Add the fact that modern agriculture and everything associated with it--deforestation, chemical-laden fertilizers and carbon-emitting transportation--is a significant contributor to climate change, and suddenly vertical farming doesn't seem so magic beanstalk in the sky

"Vertical farming could allow food to be grown locally and sustainably," says Glen Kertz, CEO of Valcent, a tech company based in El Paso, Texas, that's trying out the process. His firm uses hydroponic greenhouse methods to grow upward rather than out.
The result saves space--vital in urban areas--and allows farmers to irrigate and fertilize with far less waste

At Valcent's El Paso lab, potted crops grow in rows on clear vertical panels that rotate on a conveyor belt.
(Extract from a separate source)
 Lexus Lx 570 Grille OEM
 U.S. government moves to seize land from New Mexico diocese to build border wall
Moving them gives the plants the precise amount of light and nutrients needed, an optimization that Kertz says lets him grow 15 times as much lettuce per acre as on a normal farm, using 5% of the water that conventional agriculture does.
The company aims to finish a commercial-scale facility by early 2009

Despommier's plans are even grander. He has drawn up models for a 30-story, city-block-size vertical farm that would have transparent walls to maximize sunlight and would produce enough food for 50,000 people. "With about 160 of these buildings, you could feed all of New York," he says. His idea has intrigued architects, but Despommier concedes that it would cost hundreds of millions to build a full-scale skyscraper farm.
That's the main drawback: construction and energy costs would probably make vertically raised food more costly than traditional crops At least for now.